Some markers considered definitive of specific cell types are not present in the corresponding clusters. There are a number of explanations for this. Firstly, many classic antibody-based markers of cell type have different names from the gene names. For example, the gene encoding the microglia marker IBA1 is Aif1 in the current annotation. Secondly, some markers used to identify microglia in the brain are also found in macrophages, such as F4/80 (encoded by Emr1). Since we have several macrophage subsets in our analysis, these genes do not fall into the microglia cluster but into the main macrophage clusters. Thirdly, some of these markers have unique expression patterns, which are not correlated with the expression of any other gene at the threshold correlation coefficient value used. For example, the three Csf1r probe sets do not cluster with any other probe sets because of the unique expression pattern of Csf1r which includes expression in placenta. Finally, if these markers have low expression in the tissues analysed they would have been excluded by our filtering process.
We have previously shown that the level of gene annotation is associated with the intensity with which the tissue or function has been studied, often a reflection of whether the gene is tissue- or function-specific, when it is likely to be well annotated, or more ubiquitous and likely to be minimally annotated [
9,
13]. Thus, the mitochondrial Cluster014 was well annotated, as was the myelin Cluster091 and the clusters highly expressed in neurons. These cell types and functions have been extensively examined for many years and it is not surprising that most genes in these clusters are well understood. In contrast, several clusters were poorly annotated, including testis Cluster001, dorsal root ganglia Cluster088 and cerebellum Cluster037 and 056. The testis has an extensive transcriptome of approximately 20,000 genes, with many novel splice variants, alternative promoter usage and long non-coding RNA species (see, for example, [
71‐
73]). We found that one third of genes in the main testis cluster had no annotation, consistent with this extensive and novel transcriptome. The lack of annotation for the transcriptomes in the cerebellum and dorsal root ganglia suggests that these regions also have novel transcripts which may be a rich source of candidate genes for neurological conditions.

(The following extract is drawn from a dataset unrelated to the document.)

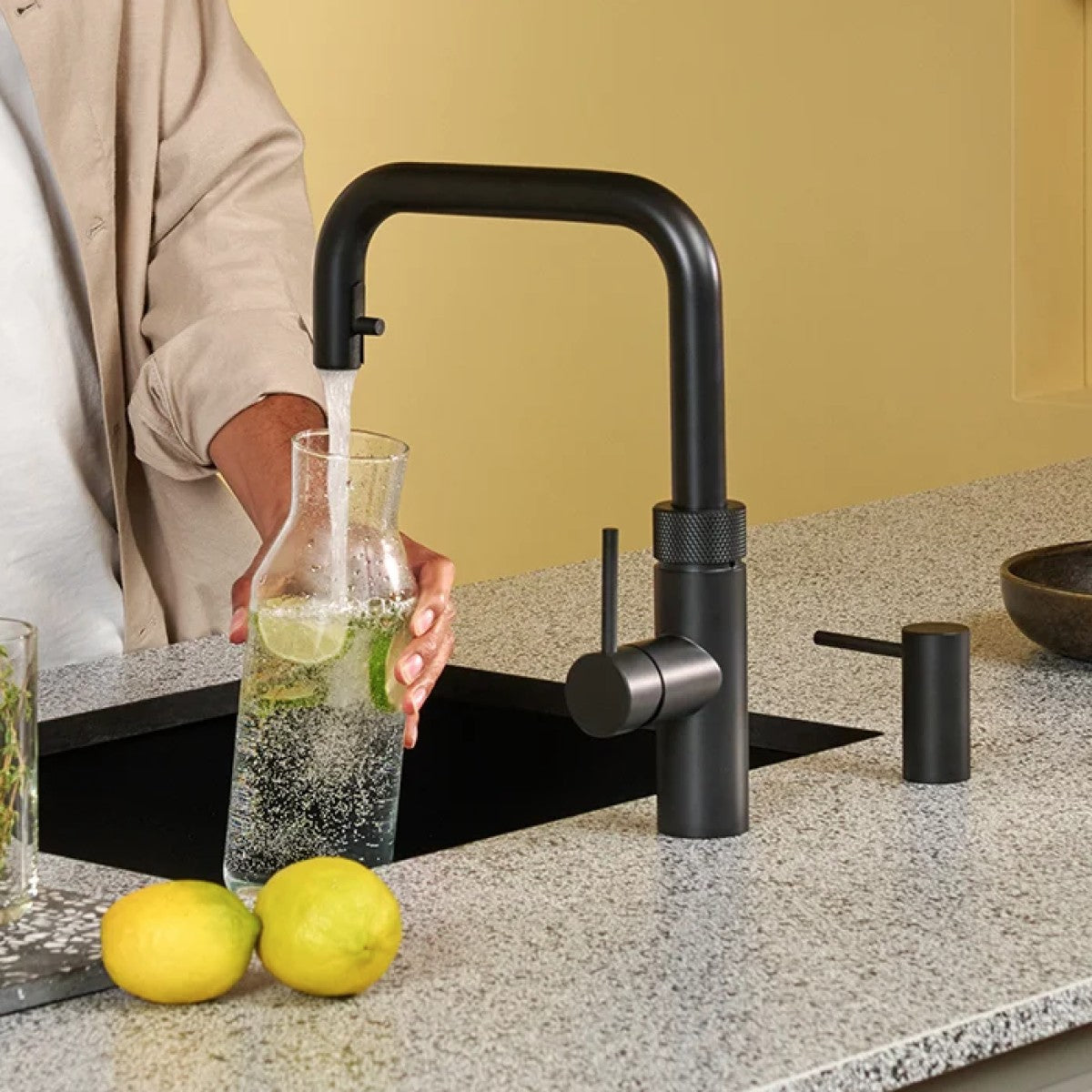 Quooker 22+XSBLKCUBE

Importantly, this study enabled us to identify a large subset of genes with minimal or no GO annotation; some of which we have shown through the MGI Jax database, the Allen Brain Atlas, and human and pig expression data to be exclusively expressed within the nervous system and others linked to human disease. Presence of unannotated genes in a cluster indicates an expression pattern similar to that of the genes encoding proteins of known function in the same cluster and suggests that these genes are highly likely to represent novel candidates for roles in the regulation of form and/or function of the mammalian nervous system.